The trend of moving more and more services to the cloud has been fashionable for a while now, and in recent years this trend has expanded into the information-security market as well, with Security as a Service (SECaaS) offerings becoming ever more prevalent. One such example of a SECaaS offering is the group of cloud-based antivirus products, with vendors like Immunet and Panda Security being at the forefront of the trend and with vendors of more traditional antivirus (AV) products now releasing cloud-based versions as well.
While these products hold the potential to greatly improve the security of information systems, they may do so at the price of privacy, since, if abused, the information gathered by these cloud-based AV products could be used to provide snapshots of the digital content that is both stored and consumed on the user’s computing device. As detailed below, these AV products send a digital “fingerprint” of each file they encounter back to the AV vendor for processing, and while these digital fingerprints are used to recognize malware, they could in theory be used to recognize any set of files. This creates the potential for a digital Panopticon to be put in place, in which cloud AV data could be used to trigger near real-time alerts that a particular user is accessing a particular file without the user even knowing.
From an information security perspective, the case for cloud-based AV products is often very compelling. Cloud-based AV products tend to place a very lightweight agent on PCs and offload most of the heavy processing normally associated with virus scanning to cloud-based resources. This lightweight agent has a smaller memory and processor footprint and as a result has a much smaller impact on system performance than traditional antivirus solutions. It is argued that this makes antivirus more palatable for end users and can lead to more widespread adoption of AV software. This type of setup also enables AV to be run more effectively on mobile devices where traditional AV software would negatively impact battery life and performance to too large an extent.
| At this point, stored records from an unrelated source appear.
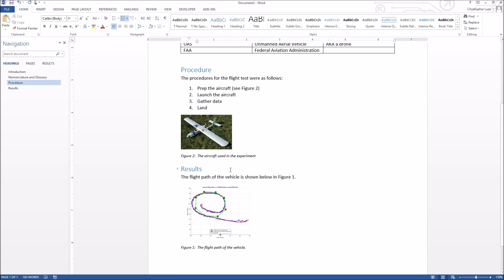What I really want is for all figures to auto-update depending on which order they appear in the document, not the order I inserted them. The problem might seem trivial with a one-page paper, but imagine a 20 or 30-page document where multiple people are writing different sections. By the time you merge everything together, you'll have multiple people referring to the same figure number and everything gets mixed up. This is clearly the wrong way to do figure and table numbering.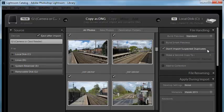I don't import duplicates. And you can create a backup — Lightroom can create a backup for you as well. So you can decide where you want the backup images to go, for example, to another external hard drive as a backup disk.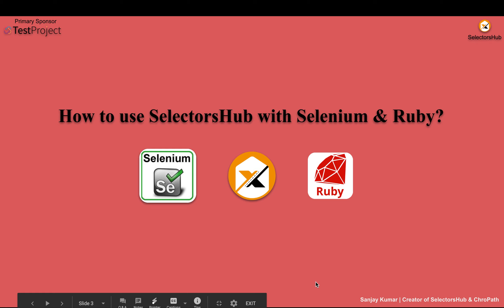Hi friend, this is Sanjak Kumar, creator of SelectorSub and CrowPath. If you are writing automation with Selenium and Ruby, then this video is going to save a huge amount of time.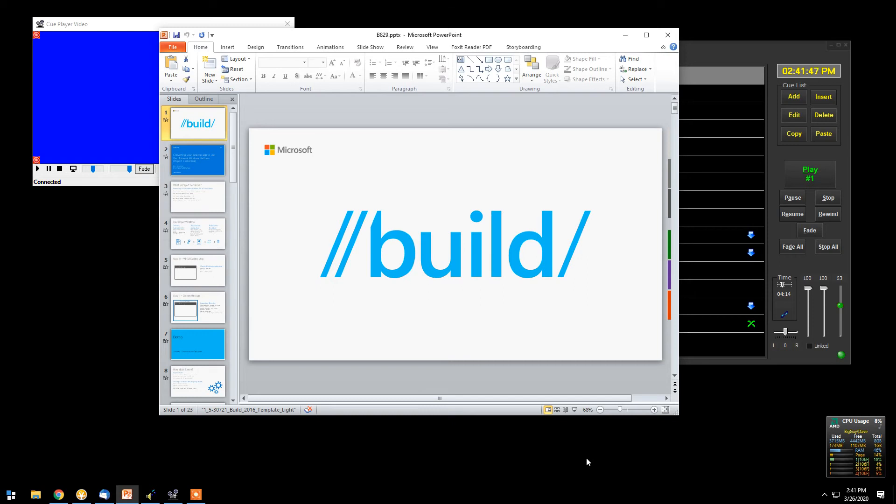Hello, and welcome to another in the series of training videos for QPlayer Premium. In this session, we will demonstrate the newest feature of QPlayer Premium, which is remote control on any browser on any piece of equipment.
Another advantage of this type of setup is that the greater computational resources of a cloud-based setup could potentially allow for files to be compared against an even larger set of AV signatures than could be easily downloaded and processed by a typical PC running traditional AV software. Moreover, development of a larger number of virus signatures is also possible, since the cloud setup exposes the AV vendor to data regarding a larger number of files and hence contributes to exposure to a larger number of suspicious files that could be considered malicious after further analysis.
What is even more compelling for cloud-based antivirus, however, is the centralization of reporting and processing of all of this file and virus data. This allows for cloud-based AV vendors to perform real-time threat analytics and become aware of, and able to respond to, changes in the malware threat landscape much more rapidly. Under typical circumstances there will be a few malware infections that will go on to infect a large number of machines and a large number of malware infections that will never gain traction beyond infecting a small number of machines. An example of the utility of real-time threat analytics is the ability to rapidly identify these trends in order to provide protection against the largest threats first.
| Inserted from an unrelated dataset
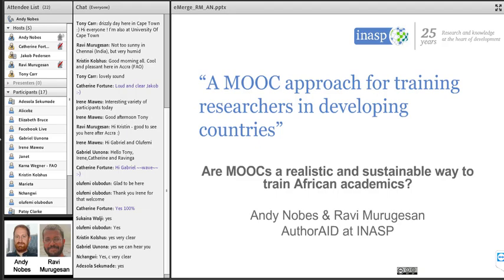We've added a subtitle for this presentation as a kind of hook: 'Are MOOCs a Realistic and Sustainable Way to Train African Academics?' We hope to answer this question throughout the presentation by looking back at what we wrote in the paper and adding some new information and interpretations. This is from myself and Ravi, who's based in India, and we're going to share certain parts of the presentation.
Cloud-based AV products do have some limitations, however, with one of the primary limitations being that network connectivity is required for these products to operate optimally. While most cloud-based AV solutions do have some signatures cached locally, the efficacy of these products is greatly reduced without access to the cloud-based scanning engines. Vendors of cloud-based AV products argue that devices are much less likely to become infected without a network connection, and some vendors even say their solution can be run without issue alongside traditional AV software if this is a concern. It is also arguable that as mobile computing continues to expand, and ubiquitous computing initiatives like the Internet of Things take off, that likelihood of being unable to connect to a network will become increasingly rare.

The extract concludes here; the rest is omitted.